Collective Scheduler

System Layer Queue

The system layer has a collective scheduler which schedules and dispatches collectives. Even if the dependencies for multiple non-dependent collectives have been resolved in the workload layer (such as in a Data Parallel case), a single NPU cannot issue dozens of collectives at once, due to hardware limits. Core to the scheduler is a set of queues called active_Streams.

Each queue holds StreamBaseline objects, which are depicted at the top right corner of the image. A StreamBaseline object represents a stream (i.e. collective), which consists of multiple collective phases. The variable phases_to_go is a queue holding these phases. The pointer my_current_phase points to the phase currently being executed.

For each stream, the function proceed_to_next_vnet_baseline is critical in advancing the collective phases and moving the stream object between one queue to another. This function is called in the following possible cases:

  1. When a stream has been removed from ready_list and is about to be inserted into active_Streams for the first time.

  2. When a stream has finished one phase and is ready to wait for the next phase.

  3. When a stream has finished its last phase.

Let’s first look at the behavior of proceed_to_next_vnet_baseline at case #2. In the image above, refer to the pink circles (2-1), (2-2), … (2-5).

  1. Look at the queue currently holding the stream. erase() the StreamBaseline object from the queue, which is really a list object. (Note that streams may not finish in the order they start executing.)

  2. Modify the StreamBaseline object. The finished collective phase is popped from phases_to_go, and my_current_phase now points to the next phase to be executed.

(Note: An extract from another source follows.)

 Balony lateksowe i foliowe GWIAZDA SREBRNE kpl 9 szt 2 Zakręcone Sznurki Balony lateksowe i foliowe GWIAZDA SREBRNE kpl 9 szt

  3. Insert the StreamBaseline object into the next queue using insert_stream.

  4. Call the function notify_stream_removed. This looks at the head of the previous queue. The variable stream_pointer points to the frontmost stream which is not running (marked blue). The function starts the execution of this stream’s next phase by calling StreamBaseline::init().

  5. Similarly, use notify_stream_added to trigger the phase of the stream at the head of the new queue.

In the other cases, proceed_to_next_vnet_baseline executes a subset of the above steps. In case #1 (stream has just been removed from ready_list), proceed_to_next.. initializes the stream (1-2), inserts it into the first queue (1-3), and triggers the streams at the head of this queue. At case #3 (stream has finished), the function erases the stream from the previous queue (3-1), and triggers the streams at the head of the previous queue. Additionally, the StreamBaseline object is deleted, and notify_stream_finished is called to notify the Sys object that a stream has ended (3-6).